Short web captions
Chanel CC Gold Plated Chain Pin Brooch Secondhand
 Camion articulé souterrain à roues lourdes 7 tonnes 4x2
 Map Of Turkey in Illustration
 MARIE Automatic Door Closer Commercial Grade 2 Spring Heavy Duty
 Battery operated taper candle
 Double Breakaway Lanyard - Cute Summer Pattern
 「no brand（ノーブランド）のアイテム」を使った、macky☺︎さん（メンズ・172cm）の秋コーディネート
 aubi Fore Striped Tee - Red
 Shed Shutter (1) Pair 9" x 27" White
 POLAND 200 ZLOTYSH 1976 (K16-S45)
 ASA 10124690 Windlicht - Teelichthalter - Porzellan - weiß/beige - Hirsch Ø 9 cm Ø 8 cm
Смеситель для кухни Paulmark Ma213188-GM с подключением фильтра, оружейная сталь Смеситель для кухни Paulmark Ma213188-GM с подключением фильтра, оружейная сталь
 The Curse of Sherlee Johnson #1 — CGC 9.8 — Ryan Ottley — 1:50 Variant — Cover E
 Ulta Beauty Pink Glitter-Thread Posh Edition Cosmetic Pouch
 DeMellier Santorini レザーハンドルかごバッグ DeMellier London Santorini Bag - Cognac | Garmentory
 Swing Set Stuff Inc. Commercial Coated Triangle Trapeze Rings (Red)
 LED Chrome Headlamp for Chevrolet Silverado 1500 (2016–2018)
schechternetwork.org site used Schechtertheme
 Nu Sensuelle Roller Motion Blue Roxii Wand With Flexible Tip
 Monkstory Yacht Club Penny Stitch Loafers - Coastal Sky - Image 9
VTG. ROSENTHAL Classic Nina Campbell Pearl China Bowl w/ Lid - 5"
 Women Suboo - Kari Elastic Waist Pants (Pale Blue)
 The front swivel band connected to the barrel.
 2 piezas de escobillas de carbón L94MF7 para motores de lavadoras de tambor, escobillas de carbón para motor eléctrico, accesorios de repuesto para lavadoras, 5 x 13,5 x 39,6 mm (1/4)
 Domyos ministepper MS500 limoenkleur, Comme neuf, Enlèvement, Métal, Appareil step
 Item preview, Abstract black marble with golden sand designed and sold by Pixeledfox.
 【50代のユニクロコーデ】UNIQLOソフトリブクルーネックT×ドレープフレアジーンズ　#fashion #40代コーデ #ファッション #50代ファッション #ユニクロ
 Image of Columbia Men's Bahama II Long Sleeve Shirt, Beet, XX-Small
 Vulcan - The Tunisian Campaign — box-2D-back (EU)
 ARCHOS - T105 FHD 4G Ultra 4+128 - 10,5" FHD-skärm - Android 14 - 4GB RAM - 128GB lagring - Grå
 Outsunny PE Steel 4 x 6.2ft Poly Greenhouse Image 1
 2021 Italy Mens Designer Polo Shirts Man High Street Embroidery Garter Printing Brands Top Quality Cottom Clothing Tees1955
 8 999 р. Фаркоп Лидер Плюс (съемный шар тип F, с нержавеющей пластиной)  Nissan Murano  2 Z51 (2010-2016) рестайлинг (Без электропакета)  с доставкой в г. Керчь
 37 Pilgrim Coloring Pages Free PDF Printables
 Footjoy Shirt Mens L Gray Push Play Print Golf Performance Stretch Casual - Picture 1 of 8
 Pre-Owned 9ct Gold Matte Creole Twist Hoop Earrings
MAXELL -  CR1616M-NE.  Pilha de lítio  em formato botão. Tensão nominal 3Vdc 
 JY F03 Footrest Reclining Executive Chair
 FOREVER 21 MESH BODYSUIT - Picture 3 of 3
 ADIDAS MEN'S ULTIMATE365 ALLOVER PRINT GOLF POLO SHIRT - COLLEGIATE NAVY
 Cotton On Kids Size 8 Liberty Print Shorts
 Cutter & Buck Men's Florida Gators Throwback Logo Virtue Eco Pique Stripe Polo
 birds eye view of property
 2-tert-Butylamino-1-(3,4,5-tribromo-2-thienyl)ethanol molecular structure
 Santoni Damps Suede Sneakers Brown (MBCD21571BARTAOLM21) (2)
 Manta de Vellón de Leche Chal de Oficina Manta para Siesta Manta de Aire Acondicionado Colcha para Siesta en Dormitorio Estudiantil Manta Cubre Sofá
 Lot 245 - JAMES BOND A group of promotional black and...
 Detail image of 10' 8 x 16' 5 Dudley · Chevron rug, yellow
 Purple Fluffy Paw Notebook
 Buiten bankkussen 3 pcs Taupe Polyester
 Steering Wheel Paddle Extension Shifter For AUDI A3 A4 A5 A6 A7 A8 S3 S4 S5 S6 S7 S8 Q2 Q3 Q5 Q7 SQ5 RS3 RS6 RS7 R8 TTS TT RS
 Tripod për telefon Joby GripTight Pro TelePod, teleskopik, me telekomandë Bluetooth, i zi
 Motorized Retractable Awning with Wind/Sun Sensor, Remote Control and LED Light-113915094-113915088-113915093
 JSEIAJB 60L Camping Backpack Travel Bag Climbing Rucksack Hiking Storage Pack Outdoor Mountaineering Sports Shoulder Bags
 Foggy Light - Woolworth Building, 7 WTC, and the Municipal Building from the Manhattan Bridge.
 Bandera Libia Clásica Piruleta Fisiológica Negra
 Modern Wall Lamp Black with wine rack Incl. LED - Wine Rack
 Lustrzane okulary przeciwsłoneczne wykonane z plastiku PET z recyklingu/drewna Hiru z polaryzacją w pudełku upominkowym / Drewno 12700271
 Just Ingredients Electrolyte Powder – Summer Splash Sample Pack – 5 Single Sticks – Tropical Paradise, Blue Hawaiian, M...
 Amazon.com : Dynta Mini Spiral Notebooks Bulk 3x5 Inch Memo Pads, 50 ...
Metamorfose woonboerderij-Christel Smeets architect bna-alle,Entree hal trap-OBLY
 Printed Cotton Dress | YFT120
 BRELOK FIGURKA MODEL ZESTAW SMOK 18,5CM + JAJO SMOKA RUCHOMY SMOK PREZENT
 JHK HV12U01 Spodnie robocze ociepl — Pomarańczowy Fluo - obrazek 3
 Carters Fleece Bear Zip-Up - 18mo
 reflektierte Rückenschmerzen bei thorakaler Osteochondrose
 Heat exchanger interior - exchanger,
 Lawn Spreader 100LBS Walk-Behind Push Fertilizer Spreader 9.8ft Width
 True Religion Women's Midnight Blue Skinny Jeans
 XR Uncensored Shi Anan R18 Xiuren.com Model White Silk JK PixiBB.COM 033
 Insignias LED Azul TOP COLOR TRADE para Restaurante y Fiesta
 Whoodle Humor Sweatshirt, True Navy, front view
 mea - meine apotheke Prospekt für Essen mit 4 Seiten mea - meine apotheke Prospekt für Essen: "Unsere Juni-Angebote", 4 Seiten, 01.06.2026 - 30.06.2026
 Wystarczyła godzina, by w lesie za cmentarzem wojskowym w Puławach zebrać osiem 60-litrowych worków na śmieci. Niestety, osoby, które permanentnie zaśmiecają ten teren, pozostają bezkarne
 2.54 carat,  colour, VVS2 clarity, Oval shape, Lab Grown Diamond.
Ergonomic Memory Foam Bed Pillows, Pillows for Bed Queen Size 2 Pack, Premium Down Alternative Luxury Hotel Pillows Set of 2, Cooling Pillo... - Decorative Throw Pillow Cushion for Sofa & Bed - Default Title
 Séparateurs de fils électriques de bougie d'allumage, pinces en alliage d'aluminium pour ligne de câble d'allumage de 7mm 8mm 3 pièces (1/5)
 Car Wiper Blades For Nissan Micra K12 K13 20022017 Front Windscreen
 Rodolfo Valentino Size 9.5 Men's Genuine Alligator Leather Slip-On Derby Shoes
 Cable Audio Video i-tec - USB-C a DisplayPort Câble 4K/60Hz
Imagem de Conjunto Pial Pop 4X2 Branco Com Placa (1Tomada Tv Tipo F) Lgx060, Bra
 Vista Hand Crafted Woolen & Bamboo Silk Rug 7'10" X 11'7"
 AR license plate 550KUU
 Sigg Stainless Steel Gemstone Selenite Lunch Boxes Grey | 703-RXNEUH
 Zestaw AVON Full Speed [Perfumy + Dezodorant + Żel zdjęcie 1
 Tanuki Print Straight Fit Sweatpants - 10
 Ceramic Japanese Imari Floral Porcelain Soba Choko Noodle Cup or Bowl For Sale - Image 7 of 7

What is expected
In the data above, which lines have "Commercial"? Report each of them.

Final answer
 MARIE Automatic Door Closer Commercial Grade 2 Spring Heavy Duty
 Swing Set Stuff Inc. Commercial Coated Triangle Trapeze Rings (Red)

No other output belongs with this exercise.